A key challenge facing physicists looking for suitable hydrides is predicting which materials have the desired crystal structures to support high-temperature superconductivity. In 2014, Liu, Ma and colleagues came up with a computer simulation that can predict the structures of hydrides at high pressures. This led to the experimental measurement of superconductivity in hydrogen sulphide at 203 K and 150 GPa in 2015. Then the simulation identified the current record holder lanthanum hydride, which has been measured as a superconductor up to about 250 K (-23 °C) when subjected to 170 GPa.
Now the team has extended its search to include ternary hydrides — substances such as lithium magnesium hydride that comprise three different atomic species.

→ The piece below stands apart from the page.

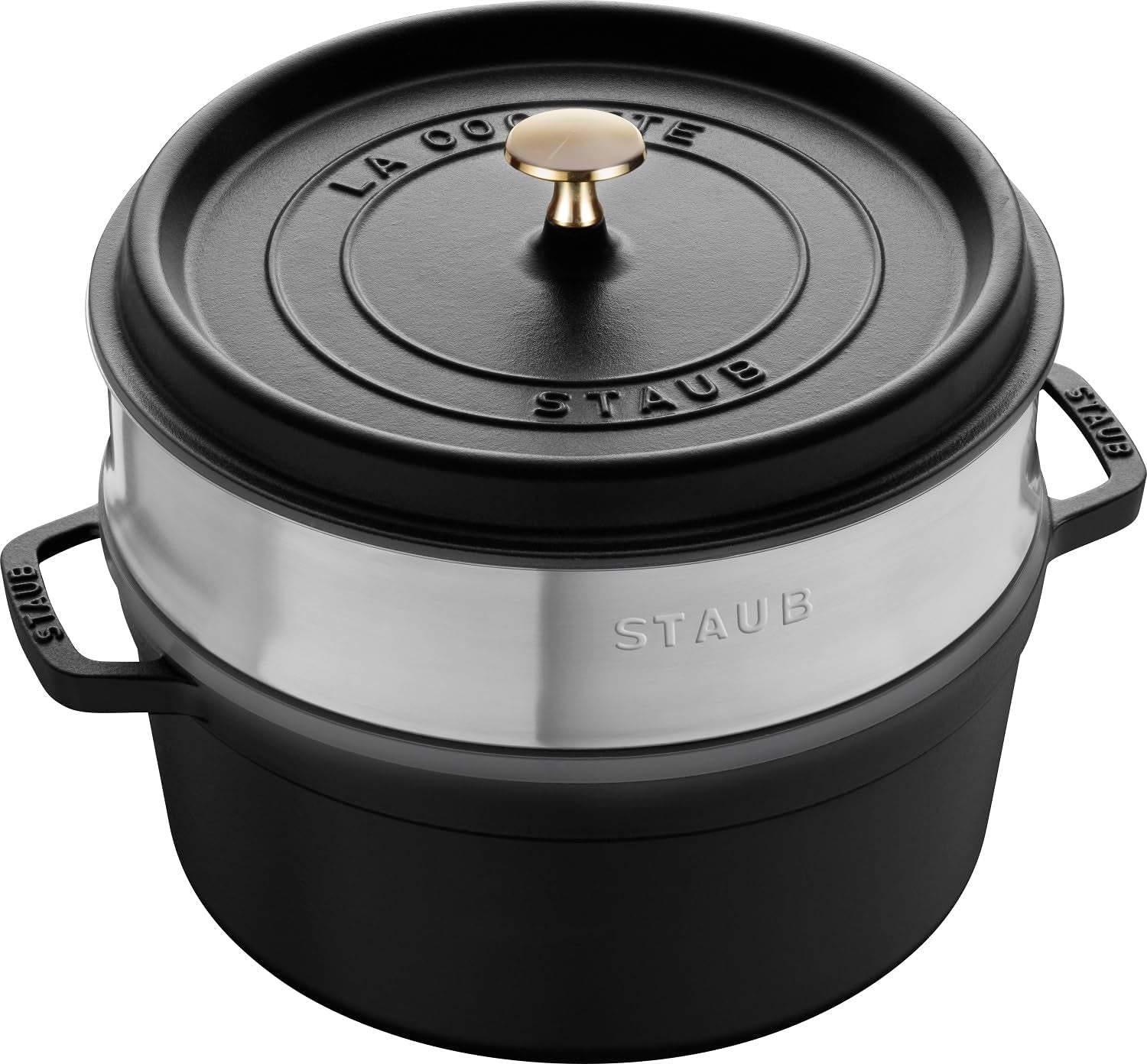 STAUB Gusseisen Bräter/Cocotte, Mit Dämpfeinsatz Aus Edelstahl, Rund 26 Cm, 5,2 L, Aromaregen-functie voor optimale werking, voor alle herdarten Inkl. Induktion & Backofen, Kirschrot, Rot Vormen en bakplaten Naty Shop Schwarz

While the high-pressure structures of these materials can be harder to predict than binary compounds, the presence of a third atom increases greatly the number of materials that can be investigated.
In the case of lithium magnesium hydride, the team calculates that donor electrons from the lithium atoms prevent the material from breaking-down at high pressures. Describing their work in Physical Review Letters, they say that using donor electrons to stabilize structure at high pressures could pave the way for exploring the properties of more complicated ternary and quaternary hydrides that are high-temperature superconductors.